The first cycle discharge-charge profile (0.5 C) of S@PVdF, S@PAA and S@DICP electrodes are shown in FIG. 3 (Panel b). The voltage of discharge plateaus for S@DICP are higher, whereas the charge plateau is lower than that of S@PVdF and S@PAA. It suggests the enhancement of reaction kinetic. Therefore, in the first discharge stage, S@DICP delivers more capacity than that of S@PVdF and S@PAA, testifying that the transition of elemental sulfur to lithium polysulfides is more complete in S@DICP. When cycling at 0.5 C, S@DICP gives an initial discharge capacity of 1035 mAh g⁻¹; while the initial discharge capacity of S@PVdF and S@PAA is 979 mAh g⁻¹ and 954 mAh g⁻¹, respectively (shown in FIG. 3 (Panel c). After 200 cycles, the distinction is more evident. S@DICP delivers a discharge capacity of 780 mAh g⁻¹. In contrast, much lower capacity can be retained for S@PVdF and S@PAA. In addition to cycling stability at low rate, S@DICP also displays a superior rate performance. With retaining 701 mAh g⁻¹ at 3 C, discharge capacity exhibits 245 mAh g⁻¹ and 518 mAh g⁻¹ higher than that of S@PAA and S@PVDF, respectively (FIG. 3 (Panel d)). Such a superior cycling stability and high rate capability of S@DICP can be attributed to the chemical structural advantages (crosslinked network structures and large number of multifunctional polar groups) of DICP that maintain electrode's integrity and confine the lithium polysulfide within the cathode. These chemical structural benefits are more profound in high sulfur loading electrodes. In order to reach higher energy density than conventional batteries, the mass loading of sulfur electrode should be above 5.0 mg cm⁻².^[53] Therefore, sulfur electrodes with mass loading around 5.5 mg cm⁻² were prepared by using the nickel foam as current collect. As shown in FIG. 3 (Panel e), S@DICP electrode with high initial discharge capacity of 1448 mAh g⁻¹ equivalent to the area capacity of 6.39 mAh cm⁻² is obtained at current density of 0.05 C (0.46 mA cm⁻²), which is higher than that of S@PAA electrode (1323 mAh g⁻¹) and S@PVdF electrode (1200 mAh g⁻¹). When cycled at 0.1 C (0.92 mA cm⁻²), the S@DICP exhibits quite stable cycling performance. The discharge capacity can still reach to 841.7 mAh g⁻¹ after 100 cycles, corresponding to the 3.71 mAh cm⁻². By contrast, both S@PAA and S@PVdF cannot run more than 50 cycles even with much lower delivered capacity.

FIG. 3 (Panel f) shows the performance of Li—S cell assembled with recycled S@DICP electrode. The delivered discharge capacity and cycling stability are the same as the electrode prepared with pristine sulfur-carbon composite, as demonstrated in FIG. 3 (Panel e). The electrochemical result confirms that using DICP as binder not only enhance the sulfur loading and cyclic stability, the sulfur-carbon composite also can be successfully recycled from cycled Li—S cells via an environmentally friendly process.

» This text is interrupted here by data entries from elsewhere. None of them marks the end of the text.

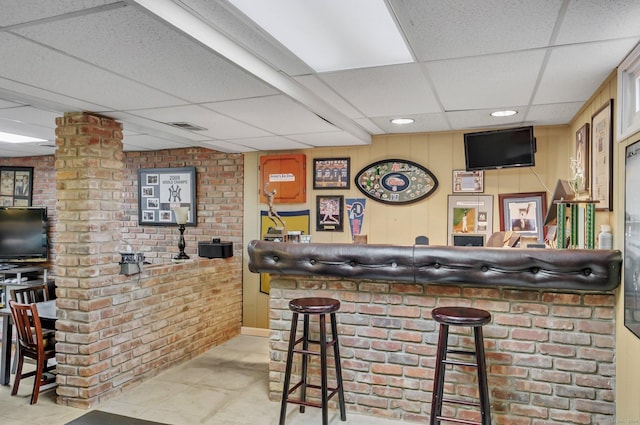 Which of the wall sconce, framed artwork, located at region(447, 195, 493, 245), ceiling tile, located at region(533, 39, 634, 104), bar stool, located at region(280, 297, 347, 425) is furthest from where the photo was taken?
the wall sconce

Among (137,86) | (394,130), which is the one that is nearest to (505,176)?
(394,130)

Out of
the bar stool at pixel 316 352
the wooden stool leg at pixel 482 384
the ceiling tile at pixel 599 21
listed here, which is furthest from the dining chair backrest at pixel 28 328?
the ceiling tile at pixel 599 21

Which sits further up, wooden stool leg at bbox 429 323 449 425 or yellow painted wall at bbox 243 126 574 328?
yellow painted wall at bbox 243 126 574 328

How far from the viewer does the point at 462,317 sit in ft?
8.12

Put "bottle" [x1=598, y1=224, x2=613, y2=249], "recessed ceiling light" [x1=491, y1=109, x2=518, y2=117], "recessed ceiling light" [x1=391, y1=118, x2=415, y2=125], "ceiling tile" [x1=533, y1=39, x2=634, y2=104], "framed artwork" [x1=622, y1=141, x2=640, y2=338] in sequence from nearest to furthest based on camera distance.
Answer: "framed artwork" [x1=622, y1=141, x2=640, y2=338] < "ceiling tile" [x1=533, y1=39, x2=634, y2=104] < "bottle" [x1=598, y1=224, x2=613, y2=249] < "recessed ceiling light" [x1=491, y1=109, x2=518, y2=117] < "recessed ceiling light" [x1=391, y1=118, x2=415, y2=125]

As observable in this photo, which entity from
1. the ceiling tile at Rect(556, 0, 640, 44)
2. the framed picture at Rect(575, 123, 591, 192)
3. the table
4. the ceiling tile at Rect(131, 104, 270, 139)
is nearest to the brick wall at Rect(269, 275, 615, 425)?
the framed picture at Rect(575, 123, 591, 192)

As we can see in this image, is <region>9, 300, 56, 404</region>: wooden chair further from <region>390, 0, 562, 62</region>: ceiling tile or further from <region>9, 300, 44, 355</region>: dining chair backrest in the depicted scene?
<region>390, 0, 562, 62</region>: ceiling tile

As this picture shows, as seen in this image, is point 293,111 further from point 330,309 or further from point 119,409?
point 119,409

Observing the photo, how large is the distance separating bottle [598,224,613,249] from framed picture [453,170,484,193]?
6.22 ft

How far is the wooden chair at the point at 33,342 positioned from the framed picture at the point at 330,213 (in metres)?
2.82

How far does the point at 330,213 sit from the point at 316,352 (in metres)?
2.25

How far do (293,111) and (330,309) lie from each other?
1.49m

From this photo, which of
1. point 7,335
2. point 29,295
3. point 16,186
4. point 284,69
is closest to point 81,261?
point 7,335

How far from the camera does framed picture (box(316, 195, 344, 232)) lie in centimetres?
502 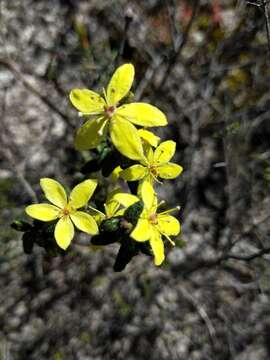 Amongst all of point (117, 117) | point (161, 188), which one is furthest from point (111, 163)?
point (161, 188)

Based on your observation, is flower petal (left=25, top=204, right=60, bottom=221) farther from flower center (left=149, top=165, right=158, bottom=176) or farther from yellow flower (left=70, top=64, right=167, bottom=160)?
flower center (left=149, top=165, right=158, bottom=176)

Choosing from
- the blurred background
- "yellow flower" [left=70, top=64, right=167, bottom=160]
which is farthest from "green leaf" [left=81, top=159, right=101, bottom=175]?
the blurred background

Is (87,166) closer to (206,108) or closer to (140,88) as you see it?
(140,88)

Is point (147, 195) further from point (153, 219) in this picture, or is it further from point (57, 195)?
point (57, 195)

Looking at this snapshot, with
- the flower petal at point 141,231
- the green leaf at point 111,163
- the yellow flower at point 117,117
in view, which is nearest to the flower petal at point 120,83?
the yellow flower at point 117,117

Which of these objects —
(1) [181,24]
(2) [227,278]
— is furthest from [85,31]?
(2) [227,278]

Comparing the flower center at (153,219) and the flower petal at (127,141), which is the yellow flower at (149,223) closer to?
the flower center at (153,219)

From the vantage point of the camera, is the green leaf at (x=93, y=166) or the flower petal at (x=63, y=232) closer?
the flower petal at (x=63, y=232) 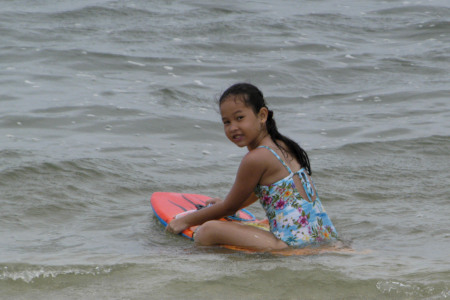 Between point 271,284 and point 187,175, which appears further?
point 187,175

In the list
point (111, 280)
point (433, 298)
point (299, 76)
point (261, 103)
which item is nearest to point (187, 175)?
point (261, 103)

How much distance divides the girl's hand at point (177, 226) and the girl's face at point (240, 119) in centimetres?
80

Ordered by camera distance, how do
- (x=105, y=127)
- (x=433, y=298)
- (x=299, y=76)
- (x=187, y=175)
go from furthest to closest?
(x=299, y=76)
(x=105, y=127)
(x=187, y=175)
(x=433, y=298)

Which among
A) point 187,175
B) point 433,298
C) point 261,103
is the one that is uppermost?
point 261,103

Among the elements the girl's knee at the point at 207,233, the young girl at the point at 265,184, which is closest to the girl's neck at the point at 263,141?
the young girl at the point at 265,184

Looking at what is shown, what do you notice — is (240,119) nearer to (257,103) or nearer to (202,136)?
(257,103)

In order to gain insight of the confining capability of lithium polysulfides by different binders, in-situ X-ray adsorption spectroscopy (XAS) experiments were conducted to monitor the concentration variation of lithium polysulfides in electrolyte within coin cell (FIG. 4 (Panel a)). XAS spectra are selected when the voltage reaches to 2.38 V, 2.23 V, 2.13 V, 2.08 V and 1.70 V (Star pointed in FIG. 4 (Panels b, c and d) for S@PVdF, S@DICP and S@PAA electrode, as shown in FIG. 4 (Panels e-g). The strong peak at 2479.0 is ascribed to the sulfonyl groups in LiTFSI^[13,54], and new peaks at 2471.8 eV and 2475.3 eV occurring during discharge process can be attributed to the formation of neutral sulfur (Li₂S_x and Li₂S), respectively.^[55,56] As for S@PVdF and S@PAA electrodes, the signal of Li₂S_x can be first detected when the voltage reach down to 2.23 V (green star point), indicating the dissolution of Li₂S₈ from cathode into the electrolyte started at this voltage stage.^[18,54] As the cell continuous discharged to 2.13 V (blue star point), the peak intensity of Li₂S_x obviously increased. It reached the maximum value when the voltage decreased to 2.08 V (purple star point), which verified that plenty of Li₂S_x released from cathode into electrolyte. In contrast, as for S@DICP, only a weak peak for Li₂S_x can be detected until voltage reached down to 2.14 V (blue star point) and peak intensity only slightly increased in the whole discharge process. The results suggested that the DICP binder can more efficiently confine the shuttle of lithium polysulfides than that of PVdF and PAA.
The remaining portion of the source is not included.